Dmitri Poustovalov wrote:
That’s fine. But in order to be POSIX compliant kill(pid, 0) is supposed
to answer “is it alive?” question not “a different question”, isn’t it?
That’s the point: it isn’t. Kill() just tells you if the pid matches an
existing proces, without making a distinction between live processes and
zombie processes.
…
I am failing to see how zombie bussiness is applicable to the testcase I
described above. There is no parent-child relationship.
The zombie business was supposed to be an obvious example of why process
termination is not an atomic thing. I guess it wasn’t that obvious
after all.
When a process terminates, a lot of things happen: fds are closed;
signals and pulses are sent; memory is unmapped; the process becomes a
zombie; its parent returns from waitpid(); the pid becomes invalid. If
you try to detect the order of those things, you shouldn’t be surprised
that they happen in a certain order. Some of them are guaranteed to
happen during termination (i.e. before the process becomes a zombie) and
some after (e.g. the child must complete its termination before
waitpid() returns in the parent). But beyond that, you won’t find many
promises in POSIX or our docs about the order of things.

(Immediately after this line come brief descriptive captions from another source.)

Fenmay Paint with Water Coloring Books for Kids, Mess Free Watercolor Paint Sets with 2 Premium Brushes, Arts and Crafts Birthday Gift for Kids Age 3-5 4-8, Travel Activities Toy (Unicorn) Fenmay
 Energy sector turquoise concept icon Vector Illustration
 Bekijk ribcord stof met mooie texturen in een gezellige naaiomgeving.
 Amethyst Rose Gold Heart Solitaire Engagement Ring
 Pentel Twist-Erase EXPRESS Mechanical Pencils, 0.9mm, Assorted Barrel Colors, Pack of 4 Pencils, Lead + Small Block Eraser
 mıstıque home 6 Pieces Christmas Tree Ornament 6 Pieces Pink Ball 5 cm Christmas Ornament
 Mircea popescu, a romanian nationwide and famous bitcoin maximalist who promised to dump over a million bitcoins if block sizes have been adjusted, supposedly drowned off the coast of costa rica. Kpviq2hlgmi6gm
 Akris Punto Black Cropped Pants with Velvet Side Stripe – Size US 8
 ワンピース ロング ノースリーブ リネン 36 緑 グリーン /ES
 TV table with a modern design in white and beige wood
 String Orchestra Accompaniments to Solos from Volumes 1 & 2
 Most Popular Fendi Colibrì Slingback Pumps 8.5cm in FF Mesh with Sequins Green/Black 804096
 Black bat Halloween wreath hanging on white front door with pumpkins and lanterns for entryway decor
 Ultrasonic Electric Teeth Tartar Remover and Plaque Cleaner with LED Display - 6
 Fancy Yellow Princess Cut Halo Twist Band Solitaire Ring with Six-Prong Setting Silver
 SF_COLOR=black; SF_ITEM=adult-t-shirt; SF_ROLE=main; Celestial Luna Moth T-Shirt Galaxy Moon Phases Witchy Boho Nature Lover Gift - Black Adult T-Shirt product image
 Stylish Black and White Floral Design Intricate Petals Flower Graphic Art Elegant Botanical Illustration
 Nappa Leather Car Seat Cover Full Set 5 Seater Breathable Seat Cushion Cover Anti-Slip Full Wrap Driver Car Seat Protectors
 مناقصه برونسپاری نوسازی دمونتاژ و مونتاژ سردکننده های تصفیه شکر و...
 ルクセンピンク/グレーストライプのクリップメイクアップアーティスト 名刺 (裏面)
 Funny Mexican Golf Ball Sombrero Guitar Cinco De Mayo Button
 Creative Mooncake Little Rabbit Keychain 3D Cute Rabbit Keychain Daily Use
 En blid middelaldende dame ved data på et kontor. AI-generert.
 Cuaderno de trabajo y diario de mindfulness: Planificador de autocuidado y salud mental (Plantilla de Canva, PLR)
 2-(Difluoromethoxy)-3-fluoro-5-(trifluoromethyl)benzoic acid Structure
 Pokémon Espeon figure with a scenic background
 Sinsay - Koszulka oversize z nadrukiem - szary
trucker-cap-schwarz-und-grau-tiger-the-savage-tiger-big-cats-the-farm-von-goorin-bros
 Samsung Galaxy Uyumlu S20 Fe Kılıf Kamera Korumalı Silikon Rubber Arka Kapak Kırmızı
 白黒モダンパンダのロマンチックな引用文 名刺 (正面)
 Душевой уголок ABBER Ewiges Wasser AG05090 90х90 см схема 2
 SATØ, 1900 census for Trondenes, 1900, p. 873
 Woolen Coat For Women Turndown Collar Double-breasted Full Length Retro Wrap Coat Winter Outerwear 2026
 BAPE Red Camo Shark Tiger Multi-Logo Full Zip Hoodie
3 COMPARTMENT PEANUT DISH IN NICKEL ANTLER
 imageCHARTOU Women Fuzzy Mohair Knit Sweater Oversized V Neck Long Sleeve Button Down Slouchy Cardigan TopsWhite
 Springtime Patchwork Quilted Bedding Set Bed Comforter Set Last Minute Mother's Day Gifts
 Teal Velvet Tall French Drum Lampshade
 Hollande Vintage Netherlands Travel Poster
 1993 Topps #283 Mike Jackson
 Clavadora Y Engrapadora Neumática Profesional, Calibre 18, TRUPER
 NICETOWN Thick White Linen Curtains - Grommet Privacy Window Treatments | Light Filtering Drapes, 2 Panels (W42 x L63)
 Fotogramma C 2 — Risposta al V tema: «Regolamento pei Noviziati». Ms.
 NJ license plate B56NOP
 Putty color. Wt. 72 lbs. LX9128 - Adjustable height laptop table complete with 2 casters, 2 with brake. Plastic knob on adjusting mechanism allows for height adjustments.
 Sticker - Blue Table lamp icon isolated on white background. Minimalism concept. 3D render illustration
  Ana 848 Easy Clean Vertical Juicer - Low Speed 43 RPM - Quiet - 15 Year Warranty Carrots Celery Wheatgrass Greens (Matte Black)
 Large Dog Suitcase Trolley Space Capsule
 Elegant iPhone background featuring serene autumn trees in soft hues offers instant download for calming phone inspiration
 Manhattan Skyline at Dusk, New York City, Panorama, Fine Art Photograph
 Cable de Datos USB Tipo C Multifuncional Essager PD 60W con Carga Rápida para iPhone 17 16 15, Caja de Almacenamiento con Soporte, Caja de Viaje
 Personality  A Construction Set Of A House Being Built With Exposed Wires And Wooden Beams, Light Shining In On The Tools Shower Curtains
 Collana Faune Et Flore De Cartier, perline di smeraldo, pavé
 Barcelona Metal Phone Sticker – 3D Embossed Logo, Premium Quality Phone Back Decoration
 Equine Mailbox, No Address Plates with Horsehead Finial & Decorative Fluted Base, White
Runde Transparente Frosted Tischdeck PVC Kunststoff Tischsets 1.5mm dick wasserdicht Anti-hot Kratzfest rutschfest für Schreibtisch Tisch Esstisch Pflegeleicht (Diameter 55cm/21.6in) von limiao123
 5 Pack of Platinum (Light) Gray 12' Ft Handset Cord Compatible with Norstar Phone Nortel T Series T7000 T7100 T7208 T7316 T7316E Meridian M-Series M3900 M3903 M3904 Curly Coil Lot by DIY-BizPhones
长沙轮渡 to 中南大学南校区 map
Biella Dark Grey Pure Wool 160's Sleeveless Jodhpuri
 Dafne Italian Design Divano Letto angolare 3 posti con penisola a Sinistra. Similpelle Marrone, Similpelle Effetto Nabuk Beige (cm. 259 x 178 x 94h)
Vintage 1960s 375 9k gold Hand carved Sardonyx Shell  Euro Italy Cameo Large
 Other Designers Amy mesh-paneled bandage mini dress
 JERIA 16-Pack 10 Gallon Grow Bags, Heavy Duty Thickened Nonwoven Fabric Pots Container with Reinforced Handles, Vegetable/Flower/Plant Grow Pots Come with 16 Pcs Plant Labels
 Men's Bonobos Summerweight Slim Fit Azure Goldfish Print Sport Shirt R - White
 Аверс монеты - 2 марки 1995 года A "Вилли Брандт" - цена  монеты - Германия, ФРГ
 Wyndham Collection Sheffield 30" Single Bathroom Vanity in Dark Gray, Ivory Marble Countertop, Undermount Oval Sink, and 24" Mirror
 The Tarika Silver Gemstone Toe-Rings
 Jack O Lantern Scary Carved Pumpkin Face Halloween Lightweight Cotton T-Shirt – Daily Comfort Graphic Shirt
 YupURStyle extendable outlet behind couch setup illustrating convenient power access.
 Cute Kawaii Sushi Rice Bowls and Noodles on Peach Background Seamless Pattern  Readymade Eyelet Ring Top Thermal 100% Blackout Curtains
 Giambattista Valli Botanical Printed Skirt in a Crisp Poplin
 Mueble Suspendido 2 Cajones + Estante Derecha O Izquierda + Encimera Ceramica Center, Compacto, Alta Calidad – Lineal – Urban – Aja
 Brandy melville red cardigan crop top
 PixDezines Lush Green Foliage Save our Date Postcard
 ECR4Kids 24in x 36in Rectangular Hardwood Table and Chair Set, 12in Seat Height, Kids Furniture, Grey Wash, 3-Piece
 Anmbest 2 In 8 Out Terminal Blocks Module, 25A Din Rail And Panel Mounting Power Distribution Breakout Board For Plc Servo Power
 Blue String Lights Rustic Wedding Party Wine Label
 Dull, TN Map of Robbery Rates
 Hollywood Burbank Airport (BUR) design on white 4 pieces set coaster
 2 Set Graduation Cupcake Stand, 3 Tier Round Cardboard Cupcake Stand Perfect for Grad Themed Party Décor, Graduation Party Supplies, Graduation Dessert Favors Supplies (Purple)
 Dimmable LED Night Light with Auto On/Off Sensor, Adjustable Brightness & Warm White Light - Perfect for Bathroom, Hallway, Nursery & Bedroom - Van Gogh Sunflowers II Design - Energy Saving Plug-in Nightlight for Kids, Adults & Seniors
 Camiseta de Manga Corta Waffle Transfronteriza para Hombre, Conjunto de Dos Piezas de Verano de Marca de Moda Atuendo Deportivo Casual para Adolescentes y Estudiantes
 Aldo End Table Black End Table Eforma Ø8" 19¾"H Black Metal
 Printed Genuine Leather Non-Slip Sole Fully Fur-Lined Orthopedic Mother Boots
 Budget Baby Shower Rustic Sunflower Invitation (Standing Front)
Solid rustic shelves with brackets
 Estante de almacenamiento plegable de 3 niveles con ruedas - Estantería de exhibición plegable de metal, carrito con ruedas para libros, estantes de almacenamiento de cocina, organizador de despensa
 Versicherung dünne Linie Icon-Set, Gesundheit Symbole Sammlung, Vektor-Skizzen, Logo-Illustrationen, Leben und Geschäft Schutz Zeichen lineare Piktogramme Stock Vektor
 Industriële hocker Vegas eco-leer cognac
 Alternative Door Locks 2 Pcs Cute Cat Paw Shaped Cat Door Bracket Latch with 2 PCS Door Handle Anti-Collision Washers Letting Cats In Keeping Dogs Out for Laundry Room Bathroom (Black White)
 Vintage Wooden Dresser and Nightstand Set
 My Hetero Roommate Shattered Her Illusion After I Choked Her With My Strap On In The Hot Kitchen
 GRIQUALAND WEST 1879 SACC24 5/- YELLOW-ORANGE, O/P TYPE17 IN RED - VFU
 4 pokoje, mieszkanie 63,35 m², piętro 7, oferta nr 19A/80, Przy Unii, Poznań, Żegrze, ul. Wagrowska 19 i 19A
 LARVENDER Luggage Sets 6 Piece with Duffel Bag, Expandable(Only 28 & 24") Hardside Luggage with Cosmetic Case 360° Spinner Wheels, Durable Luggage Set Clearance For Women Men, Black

Since the OS doesn’t know in general how long a process will remain in
the zombie state, it’s desirable to free up its resources before it
turns into a zombie. In particular, it seems reasonable that we do
not promise that you can access the memory of a process that has
completed its termination and turned into a zombie. Since the
/proc/pid/as entry of the process represents its address space, you
shouldn’t be surprised that it goes away sooner than the pid. That was
the main point I was trying to make with the zombie business. In
general, there’s a stage in the life cycle of a process when its pid is
still valid, and kill() tells you it’s still valid, but most of its
other resources are gone, and any API that normally lets you access them
fails.
If you run the testcase you would see that Dummy process was not a
zombie and pidin reported it Ready. And one can make Dummy a daemon or
use SPAWN_NOZOMBIE flag, the result is going to be the same – kill()
has no clue what Dummy’s real status is.
But it’s not the job of kill() to tell you the “real status” of a
process. All it tells you whether the pid is valid. In your test case,
you’re just making the transitions take indefinitely longer, which makes
it easier to notice that they don’t happen instantenously.